Tragikomödie „The Ordinaries“ im Kino: Schöne neue Filmwelt
Im Debütfilm von Sophie Linnenbaum stehen Hauptfiguren oben, Outtakes unten in der Rangordnung. Es ist eine Parabel auf soziale Ungleichheit.
Wer gewöhnlich ist, ist gescheitert. Daran, sich das Eigene zu erhalten und ein individuelles Leben zu führen. Zumindest wenn man es mit dem Philosophen Max Stirner hält, demzufolge alle Menschen als Original geboren werden, die meisten jedoch als Kopie sterben, hat jeder die Einzigartigkeit bereits in sich. Wer gewöhnlich ist, hat sich dieser also berauben lassen. Anders ausgedrückt: hat sich zum austauschbaren Statisten herabsetzen lassen, anstatt als Protagonist durch das eigene Leben zu gehen.
In der Welt, die Sophie Linnenbaum in ihrem Debütfilm entwirft, funktioniert das mit der Individualität anscheinend etwas anders: Wer Hauptfigur sein will, muss sich erst zu einer solchen ausbilden lassen. Und das nicht im übertragenen Sinne.

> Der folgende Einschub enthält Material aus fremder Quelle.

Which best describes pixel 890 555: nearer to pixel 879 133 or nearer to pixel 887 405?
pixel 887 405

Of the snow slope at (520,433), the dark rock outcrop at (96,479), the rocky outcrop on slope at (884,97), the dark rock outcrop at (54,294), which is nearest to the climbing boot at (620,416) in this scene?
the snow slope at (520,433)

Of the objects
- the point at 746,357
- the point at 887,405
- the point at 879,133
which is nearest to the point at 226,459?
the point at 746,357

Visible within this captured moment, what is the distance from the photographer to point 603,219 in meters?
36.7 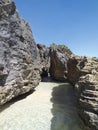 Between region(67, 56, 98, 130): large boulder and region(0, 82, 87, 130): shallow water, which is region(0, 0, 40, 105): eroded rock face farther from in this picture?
region(67, 56, 98, 130): large boulder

In „The Ordinaries“ ist die Gesellschaft in drei Schichten eingeteilt: Ganz oben stehen die Hauptfiguren, die eine eigene Storyline besitzen und über ein vielschichtiges Repertoire an Dialogzeilen sowie, vor allem, Emotionen verfügen. Unter ihnen sind die gesichtslosen Nebenfiguren, deren Sprachschatz sich auf wenige Sätze beschränkt und die nur zum Handeln fähig sind, wenn sich eine Hauptfigur in ihrer Nähe befindet. Eigene Szenen besitzen sie nicht, sie dienen lediglich als Staffage.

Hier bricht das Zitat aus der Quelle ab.